Veniana Qalo, acting head of international trade at the Commonwealth Secretariat, said the training will assist countries to develop useful and relevant national trade policies and to participate effectively in negotiations for investment and trade agreements that benefit their people.
The workshop is a joint initiative between the Secretariat and the Office of the Chief Trade Adviser (OCTA), a body that helps countries in the region negotiate with their main trading partners - Australia and New Zealand.
Yuri Buraman from Nauru said: “I am learning a lot from the exercises and simulations. This is the first time I have gone through training on how to formulate trade policies. I believe I will be much better at my job when I return home.”
Sumbule Antas, Vanuatu Director of External Trade, said his department is in dire need of trained and skilled staff to handle the complex issues the country has to deal with in regional and international negotiations.
“I have only four members of staff, who have little experience in working on trade issues. In fact, some of them have only spent three months on the job. This training from the Commonwealth Secretariat is timely.”
The workshop accompanied the launch of a landmark Commonwealth publication for international investment negotiators in interpreting the complexity of investment agreements.
The handbook, ‘Integrating Sustainable Development into International Investment Agreements: A Guide for Developing Country Negotiators’, aims to enable Commonwealth governments to arrive at international investment agreements that support their development needs.
The Guide can also be used by countries negotiating bilateral investment treaties, while various provisions may also be suitable for inclusion in economic partnership agreements, preferential trading agreements and other international agreements relating to investment.
Ms Qalo said that for most developing countries, particularly those in the Pacific region, international investment agreements have not been very effective tools for attracting foreign direct investments.
“Sometimes, the balance between rights and obligations of the investor versus the host state has weighed in favour of the former, given the fact that these agreements are negotiated among unequal partners. It is for this reason that the Commonwealth undertook a process to come up with this Guide, which helps to strike a balance between the interests of both parties.”
Ms Qalo explained that the Guide identifies new ways to modify traditional investment agreements that often left host countries with limited flexibility. It also describes new types of sustainable development provisions for inclusion in future agreements, such as human rights, labour rights, environmental protection and corruption, and explains implications of investment agreements and evaluates their costs and benefits.
The Guide is a useful tool for negotiators, but also for use as a teaching aid at universities for students of international trade, law and investment, she added.
Dr Edwini Kessie, the Chief Trade Adviser at OCTA, welcomed the publication and recommended it for use by anyone interested in trade and investment issues in the Pacific, saying that “investment is a key component for promoting trade”.
“Good quality investments provide the basis for production of goods and services for export trade in a country. And this region really needs a lot of good investments to realise their trade objectives,” he said.

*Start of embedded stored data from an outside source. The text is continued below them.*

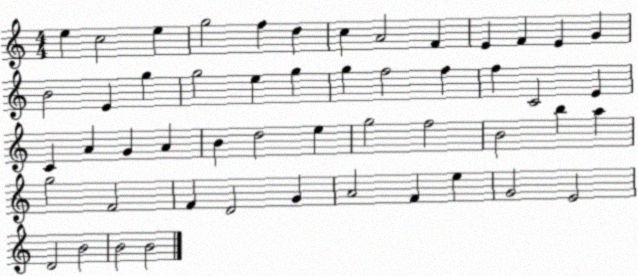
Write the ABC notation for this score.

X:1
T:Untitled
M:4/4
L:1/4
K:C
e c2 e g2 f d c A2 F E F E G B2 E g g2 e g g f2 f f C2 E C A G A B d2 e g2 f2 B2 b a g2 F2 F D2 G A2 F e G2 E2 D2 B2 B2 B2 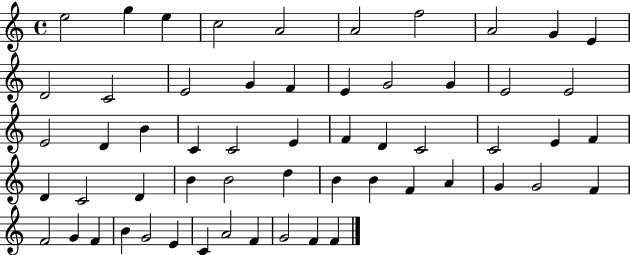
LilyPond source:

{
  \clef treble
  \time 4/4
  \defaultTimeSignature
  \key c \major
  e''2 g''4 e''4 | c''2 a'2 | a'2 f''2 | a'2 g'4 e'4 | \break d'2 c'2 | e'2 g'4 f'4 | e'4 g'2 g'4 | e'2 e'2 | \break e'2 d'4 b'4 | c'4 c'2 e'4 | f'4 d'4 c'2 | c'2 e'4 f'4 | \break d'4 c'2 d'4 | b'4 b'2 d''4 | b'4 b'4 f'4 a'4 | g'4 g'2 f'4 | \break f'2 g'4 f'4 | b'4 g'2 e'4 | c'4 a'2 f'4 | g'2 f'4 f'4 | \break \bar "|."
} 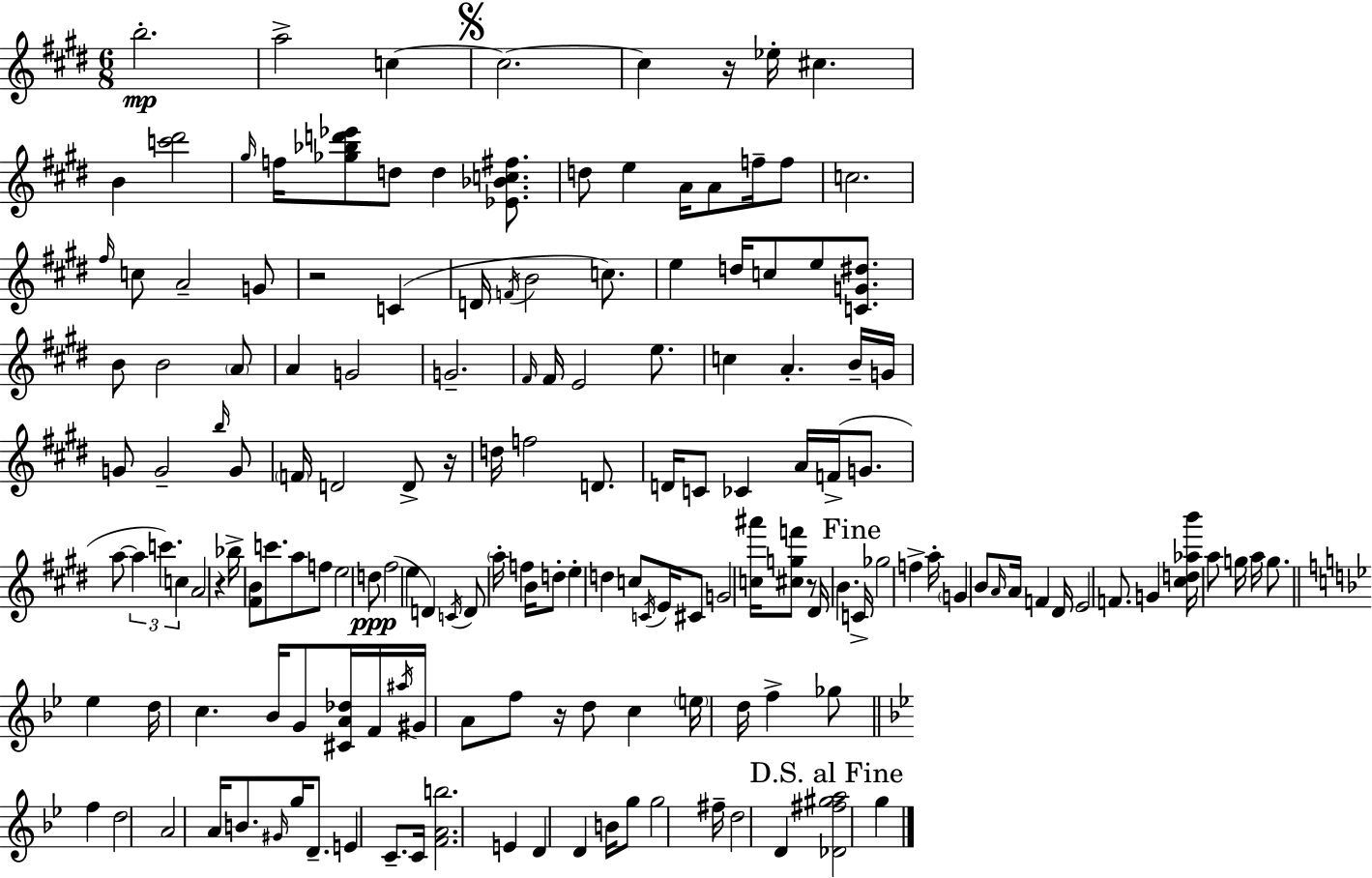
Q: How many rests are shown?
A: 6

“Whatever we can do to assist countries in the region to make sound investments is very welcome, and this Commonwealth guide goes a long way to serve that purpose.”

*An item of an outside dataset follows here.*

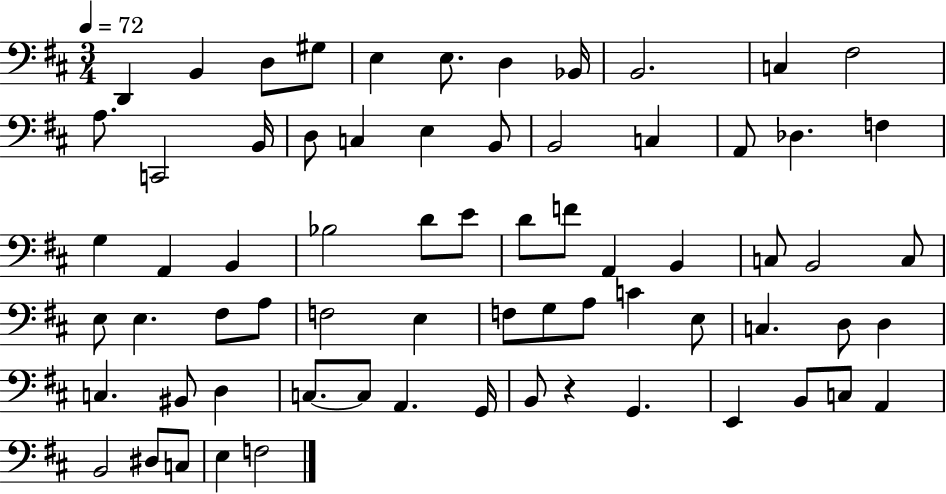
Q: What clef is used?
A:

Mere Falemaka, Director of Trade and Investment at the Melanesian Spearhead Group Secretariat, a regional intergovernmental body, thanked the Commonwealth for keeping the issues of small states in the Pacific on its agenda.
“We are delighted that the Commonwealth has kept the Pacific on its radar all the time. The first consultations for developing this Guide took place in the Pacific. We are happy that the Commonwealth has come back to show and share with us the product of that consultation,” Ms Falekama said.